The works feature in an exhibition opening to the public tomorrow at the Imperial War Museum in London.

Roman Halter and Edith Birkin, who endured life in Auschwitz, and Alicia Melamed Adams, another concentration camp survivor, are among the artists who settled in Britain after the war and are represented in the show.

Enlarge Ghosts: A Camp Of Twins - Auschwitz (1980-82), by Edith Birkin

Ghosts: A Camp Of Twins - Auschwitz, by Edith Birkin, can be seen at the Imperial War Museum

Mr Halter, 81, said: 'It's a very important exhibition and it's good that it's going to be on for a long time.

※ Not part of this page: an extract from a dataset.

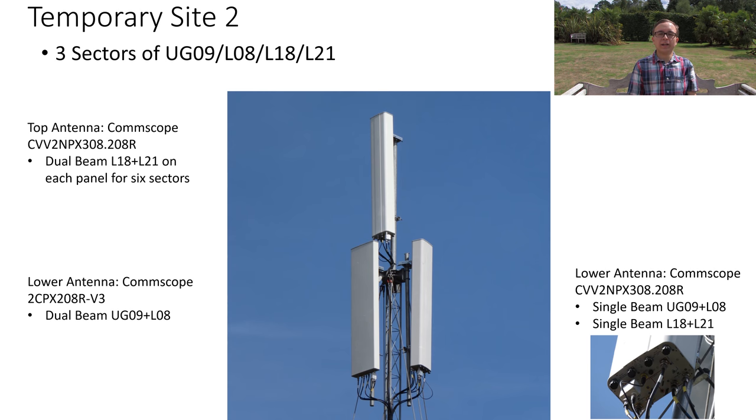On the lower right of the mast is the CommScope 10-port again, however in this case only the single beam ports are being used. The low band ports handle UG09 and L08 diplexed, and the four high band single beam ports at the back are used for L18 and L21. So overall, three sectors of all bands on that side.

'The artwork that was done inside the camps and the ghettoes didn't survive, but people painted immediately after the war when their memories were really fresh.'

His series of seven paintings, Memories Of The Holocaust, has been bought by the museum in Lambeth, South London.

It was not painted until the Seventies. He said he had 'no voice' to paint until then.

Mr Halter added: 'I made a promise to my grandfather when he was dying of starvation. He called me over and said, "When you survive, speak clearly, tell the world that we Jews are being murdered."'

The exhibition, open until next August, includes works from as early as 1943, as well as much later pieces by survivors and some by contemporary artists.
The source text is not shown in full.